In the entries below, begin at the line that has "Welcome back to", stop after the line that has "Hi guys, this", and output those lines exactly with no pictures.
┄┄┄┄┄┄┄┄┄┄┄┄┄┄┄┄┄┄┄┄
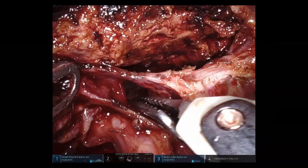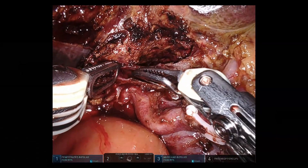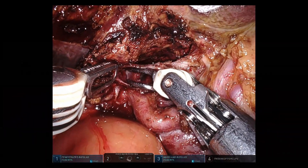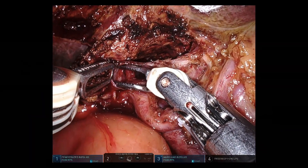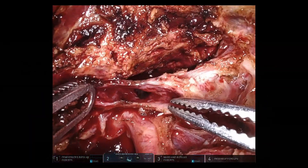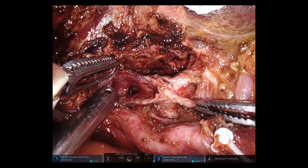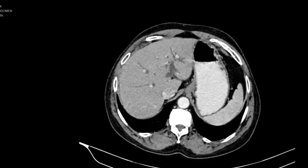Post resection, we can observe the segment 5 and segment 8 duct joining to form the anterior sectoral duct, the posterior sectoral duct, and the left hepatic duct. Next, we will describe the hilar bile duct resection with liver resection.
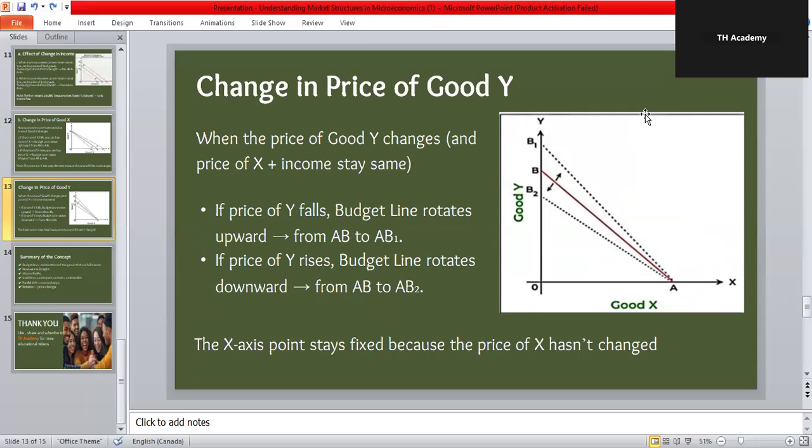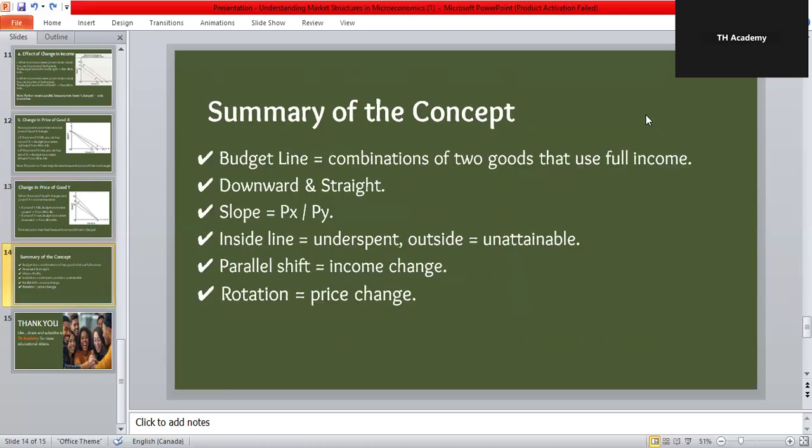Now when the price of good Y changes while income and the price of X remain constant: if the price of Y falls you can buy more of Y with the same income, so the line rotates upward from AB to AB1. If the price of Y rises you can buy fewer units of Y, so the line rotates downward from AB to AB2. In this case the X-axis intercept stays fixed because the price of X has not changed.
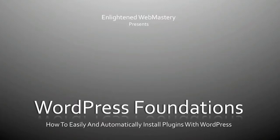Hey, it's Jason. In WordPress 2.7, they introduced a new feature which allows you to automatically and easily install new plugins from inside the WordPress dashboard.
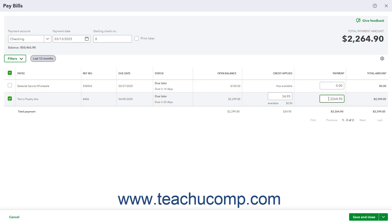Then click or select a choice from the drop-down button in the toolbar in the lower right corner of the window to either save the bill payment and select a follow-up action, or schedule an online payment.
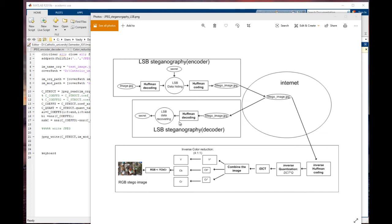Hello everyone. Today we will talk about JPEG LSB steganography. The first reason why we need JPEG steganography is to hide different secrets inside of JPEG images. As the JPEG format is extremely popular nowadays, using JPEG images as a container to hide secrets will be a very useful technology. That's why today we will discuss that particular topic.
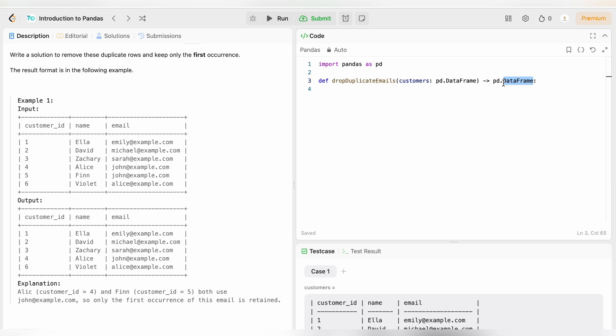Let's write the code. So to drop duplicate records in pandas we use an inbuilt method called drop_duplicates. Let's write it down. First of all we will write the data frame name which is customers.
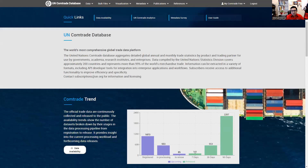Hey guys, this is Manuel Garcia from Texas Tech University. I prepared this short video to explain briefly how Comtrade works. Comtrade is a platform powered by the United Nations that gathers information about the trade flow between different countries around the world.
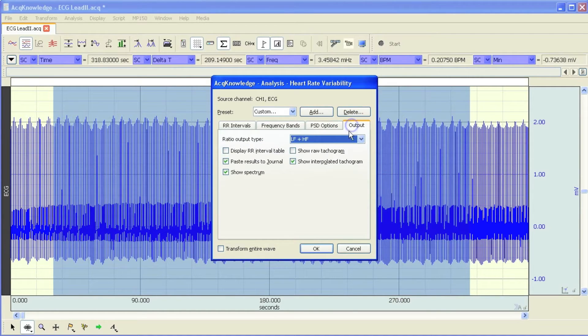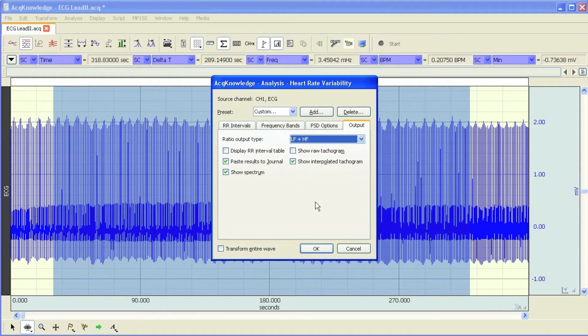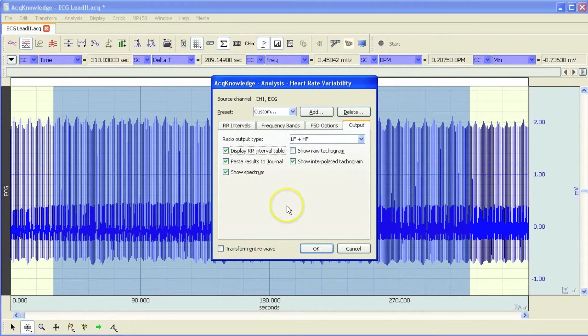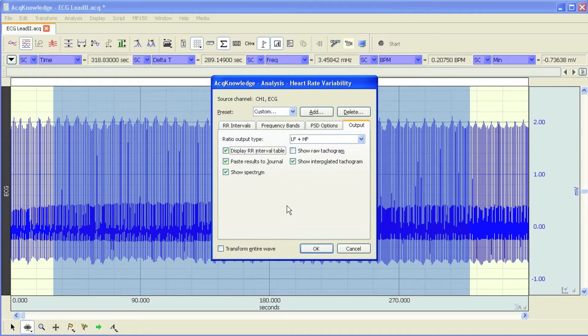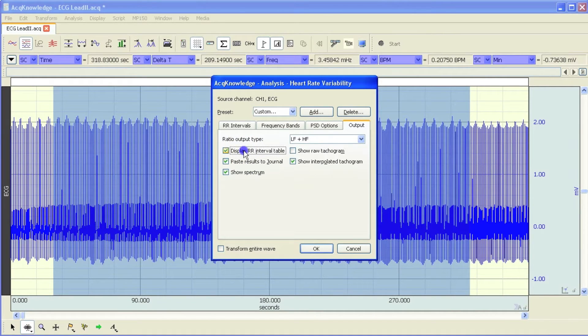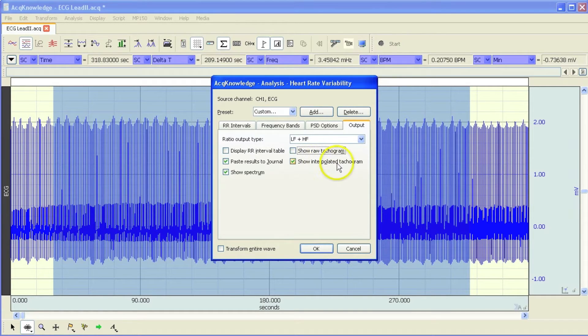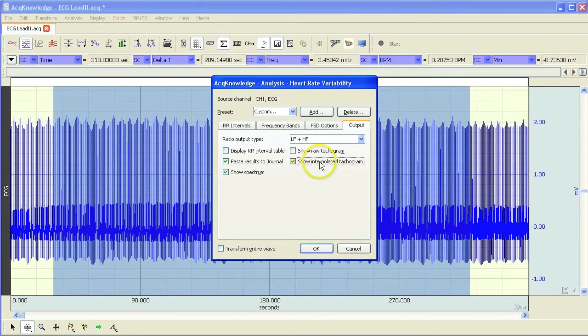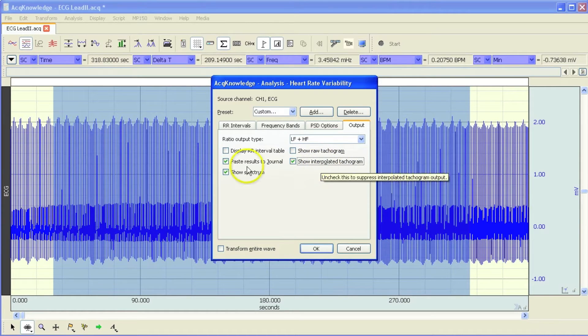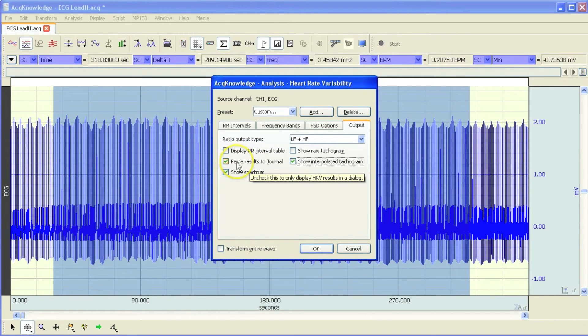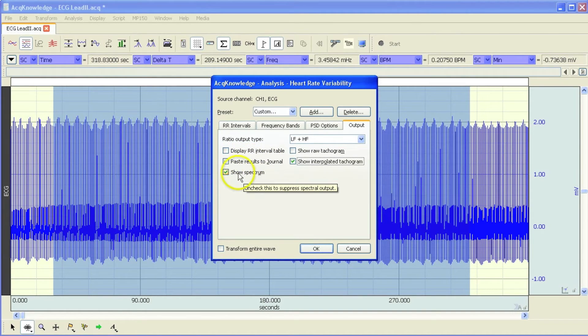Finally, the last tab allows us to control the output from the analysis routine. There are a number of options. The first one allows us to display the R2R interval numbers in a table format. So this will give you the time interval for every single R2R interval. You also have the ability to show the raw tachogram and also the interpolated tachogram. I'm going to use the interpolated one because this is the tachogram that the analysis is actually being performed on.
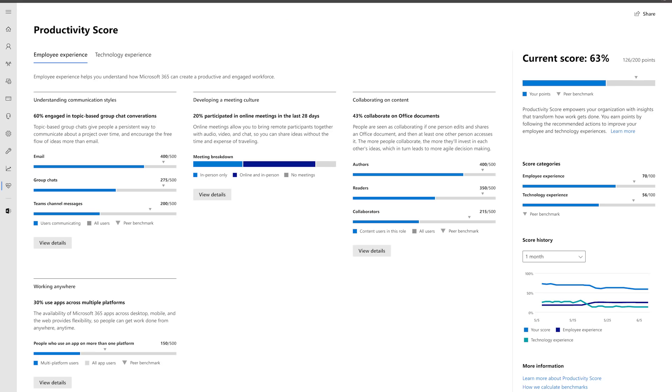Productivity Score helps organizations by focusing on three things. First, we give visibility into how the organization actually works — looking at areas like how people are meeting, communicating, collaborating on content, and working from anywhere. We also look at the technology side: how does your technology enable people to be productive and do their best work?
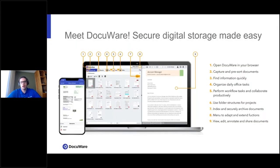At its very core, DocuWare is a simple place to securely store digital files. It's not necessarily a recruiting tool or a registrar's tool — it's a place to store electronic records, describe those records with information, and then use that information to do things: route items for approval, manage access controls, drive retention and access policies, and make it easy to find documents in the future.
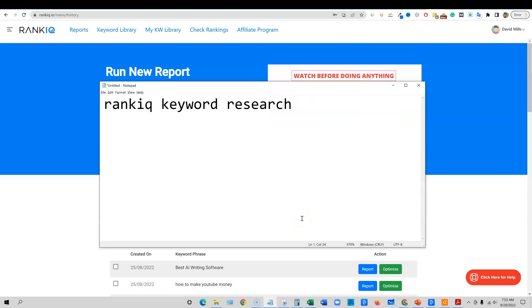Welcome back to Teach Me Money Methods. In this video, we'll be looking at RankIQ keyword research. We're not going to be doing the optimization or pulling reports or anything like that. I wanted to make a quick video to just focus on the amazing things that you can do with RankIQ, just from a keyword research standpoint.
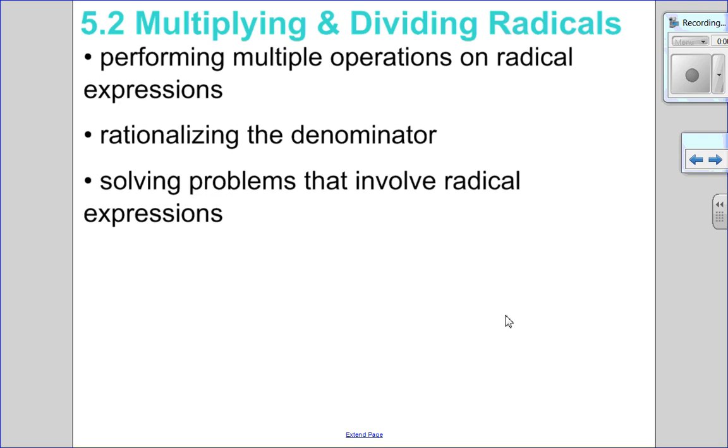Hello Matthews, Gatos here. Welcome to 5.2 — I'm splitting this into two videos. This video is all about multiplying.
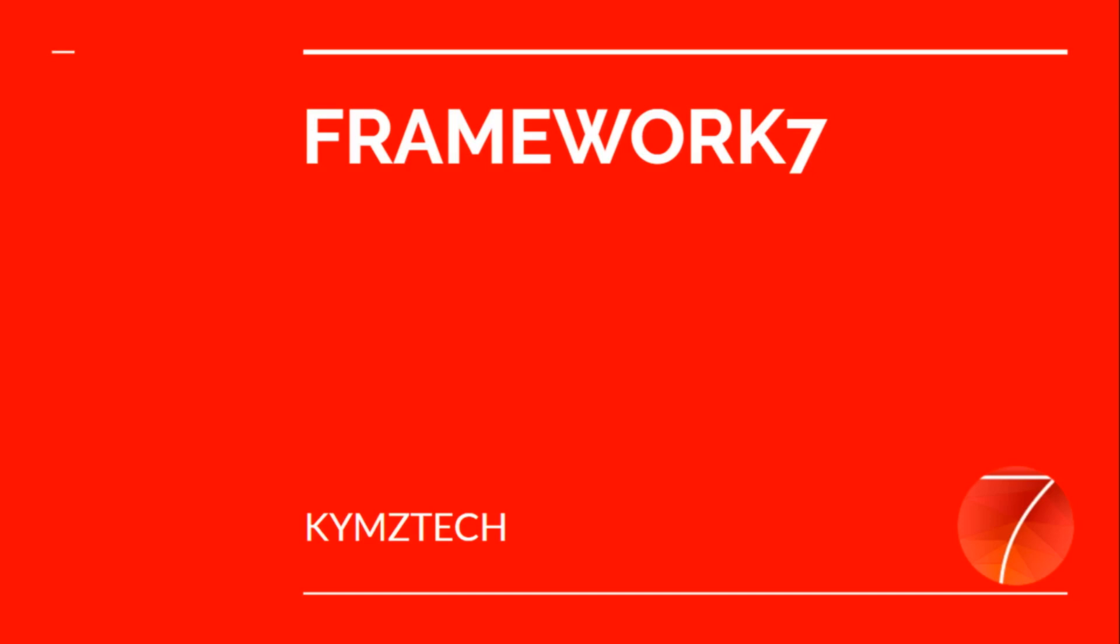Hi guys, this is Hakeem. Welcome to my Framework 7 tutorials. In this part of the tutorials, we'll be setting up our Framework 7 app. If you are just watching my video for the first time or you are new to this channel, please click on the subscribe button as I'll be uploading more about Framework 7 and other technologies. So without further ado, let's get started.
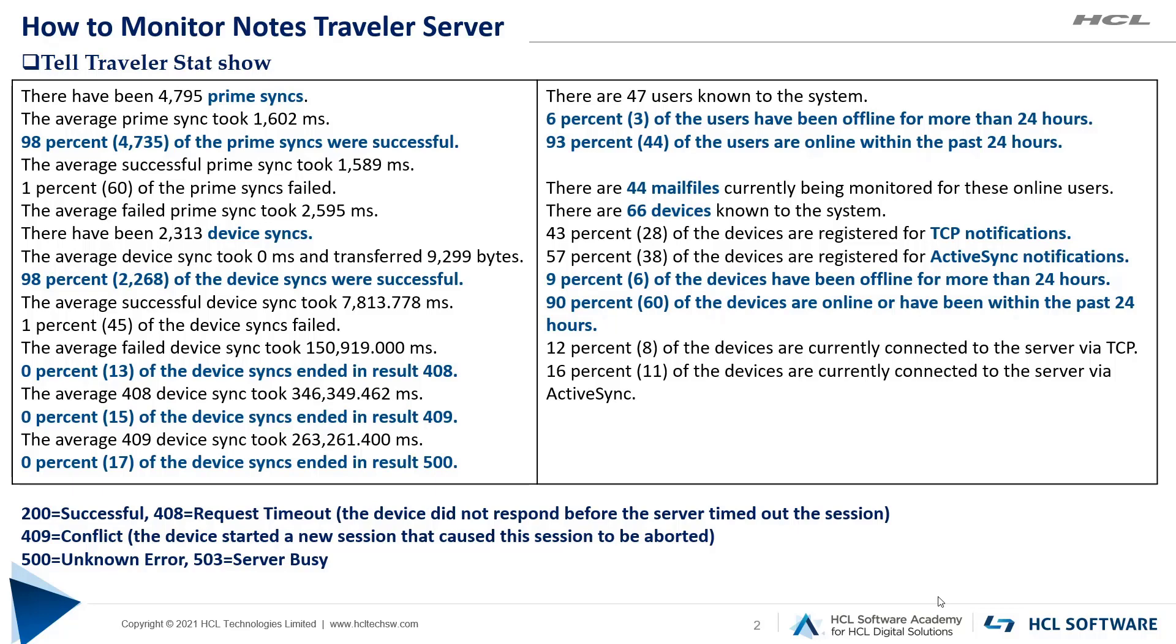Then further you should focus on why the devices are failing and with what error code. Here you can notice a few of the devices that are failing with error code 408, 409, and 500. Please refer to the screen where we have mentioned what each error code indicates about itself.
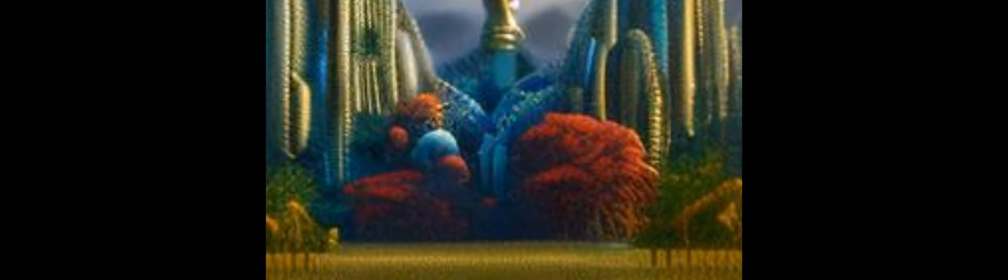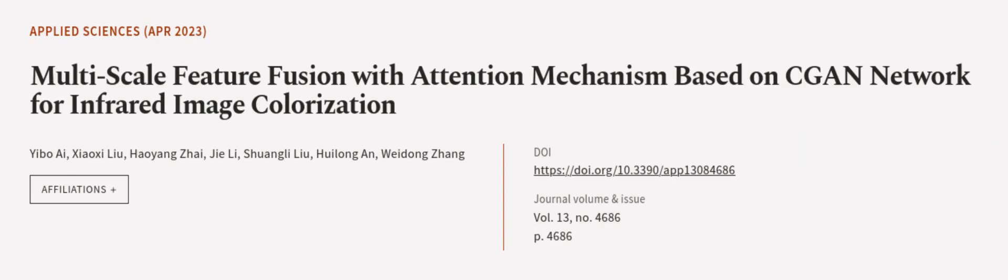This article was authored by Yiba AI, Xiaoxi Liu, Haoyang Zhai, and others. We are article.tv, links in the description below.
┄┄┄┄┄┄┄┄┄┄┄┄┄┄┄┄┄┄┄┄
=== Reply to the task ===
Welcome back to Teach Me Money Methods. In this video, we'll be looking at RankIQ keyword research. We're not going to be doing the optimization or pulling reports or anything like that. I wanted to make a quick video to just focus on the amazing things that you can do with RankIQ, just from a keyword research standpoint.
Hello Matthews, Gatos here. Welcome to 5.2 — I'm splitting this into two videos. This video is all about multiplying.
Hi guys, this is Hakeem. Welcome to my Framework 7 tutorials. In this part of the tutorials, we'll be setting up our Framework 7 app. If you are just watching my video for the first time or you are new to this channel, please click on the subscribe button as I'll be uploading more about Framework 7 and other technologies. So without further ado, let's get started.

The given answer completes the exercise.